David LaGrand was born in Grand Rapids and graduated from Calvin College and the University of Chicago Law School. After working as an Assistant Kent County Prosecutor, LaGrand formed a private law practice. LaGrand has formed several small businesses including Four Friends Coffeeshop and the Wealthy Street Bakery. In 2007, LaGrand was elected to the Grand Rapids City Commission. David lives near downtown with his wife Melissa and their four children. He is a member of Eastern Avenue Christian Reformed Church.
I became interested in solar power applications long ago, but back in the 70’s, there were good arguments against solar power: high costs, questionable durability, and the irony that the energy costs involved in creating the panels often exceeded the lifetime energy production of the panels themselves, to name a few.
In more recent years, I’ve been heavily involved in planning and analyzing wind power projects. The coast of Lake Michigan has huge potential for wind production, although wind power is only economically defensible in large scale operations.
Because of my interest in wind power, our family even went as far as to install a small wind turbine at our family cottage. The experience was fun, but served as confirmation that small wind production simply doesn’t make sense if your goal is to invest in order to reduce your own energy footprint. Those of you who want to see the math can go to my Facebook page, but the bottom line is that our turbine produces at best a .1% return on investment.

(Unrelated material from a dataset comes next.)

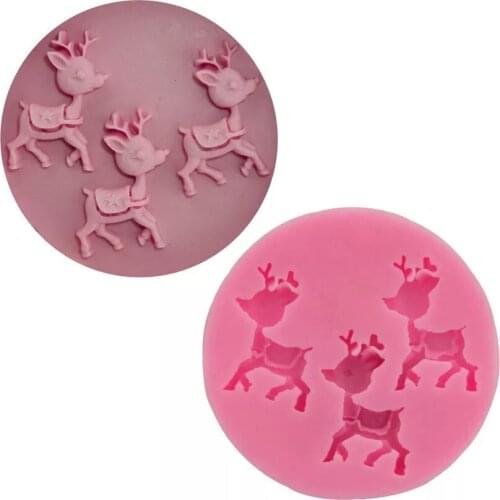 1 piece sika deer pattern silicone cake mold DIY silicone fondant cake decorating molds chocolate mold baking tools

After doing current research, I realized that solar power had had recent massive shifts in costs and efficiency that suddenly made solar power more attractive. When I did the math, I realized that solar power is not merely attractive, but that a compelling case can now be made for residential investment in solar power. I now am convinced that we are primed for a huge rollout of investment in solar power, and that the primary impediment to that investment is simply that consumers don’t know how easy solar production can be for investors, whether those investors are home owners or business owners.

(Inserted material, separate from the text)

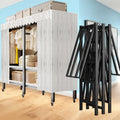Garment Rack with Cover, Heavy Duty Portable Wardrobe Closet 2000LB, Foldable Clothe Rack with Wheel, Clothes Rack for Hanging, Amoires Clothing Coat Storage Rack (LightGray, 49.21in)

Solar panels have dropped massively in price in the past few years, and design and efficiency have undergone huge improvements in the past decades. In fact, panels are so reliable and proven that all major manufacturers offer long warrantees, and typically guarantee power production for twenty years.
Michigan is obviously not the best place in the world to capture solar power, but even so, we can expect the equivalent of 4-5 hours of full power per day from a solar system, allowing for snow and cloudy days.
The most conservative way to price solar power as a consumer is to compare the power produced as though equivalent in price to power bought from the power company. This is a real comparison in some sense, because you can sell solar energy at the price (about 12 cents per kilowatt hour). In Grand Rapids, Consumers Energy is our supplier. It is quite easy to go to their website, find the form, and sign up for an interconnection agreement. That agreement allows the customer to get a bidirectional meter, and then at times when the sun is shinning and you aren’t using the power, the meter rolls backwards and you get one-for-one credit on your monthly bill. When you’re using power, you simply use your own solar power.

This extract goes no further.